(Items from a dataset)
• • • • •

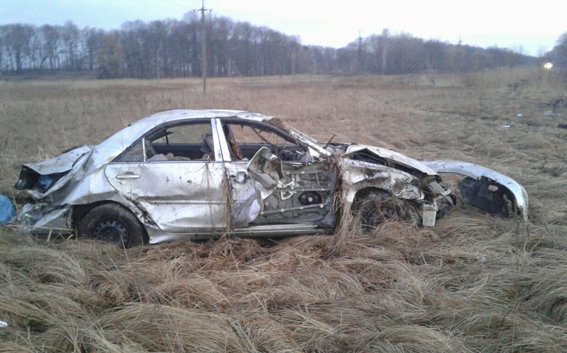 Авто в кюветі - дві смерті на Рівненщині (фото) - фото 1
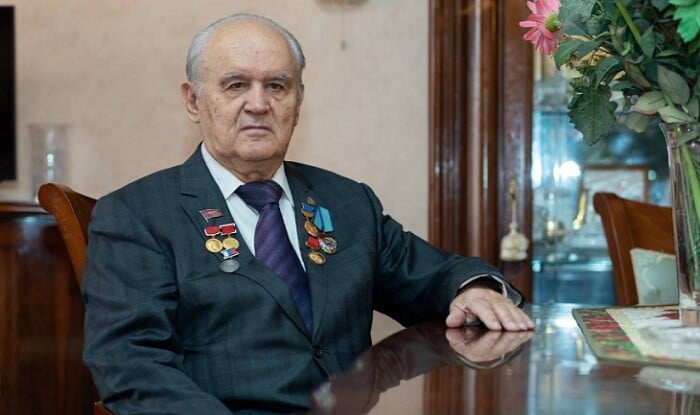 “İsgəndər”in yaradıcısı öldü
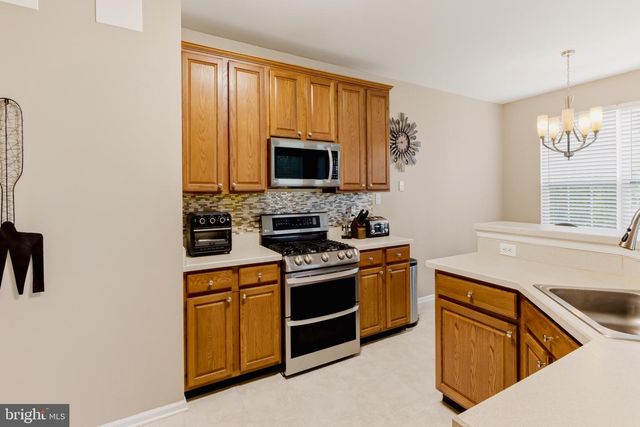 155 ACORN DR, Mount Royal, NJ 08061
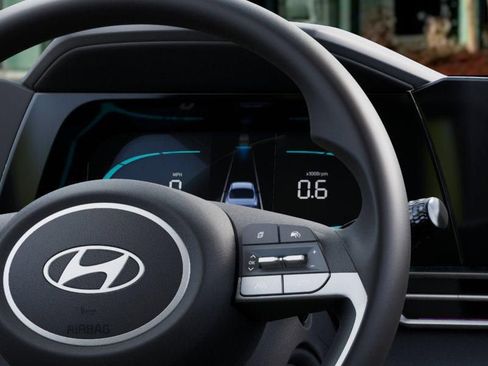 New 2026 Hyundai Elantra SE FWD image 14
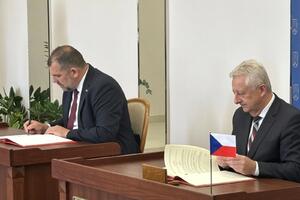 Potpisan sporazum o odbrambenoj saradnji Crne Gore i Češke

• • • • •

TASK STATEMENT:
The result should be an exact retyped version of all the entries above, containing no pictures.

OUTPUT FOR THIS EXERCISE:
 Авто в кюветі - дві смерті на Рівненщині (фото) - фото 1
 “İsgəndər”in yaradıcısı öldü
 155 ACORN DR, Mount Royal, NJ 08061
 New 2026 Hyundai Elantra SE FWD image 14
 Potpisan sporazum o odbrambenoj saradnji Crne Gore i Češke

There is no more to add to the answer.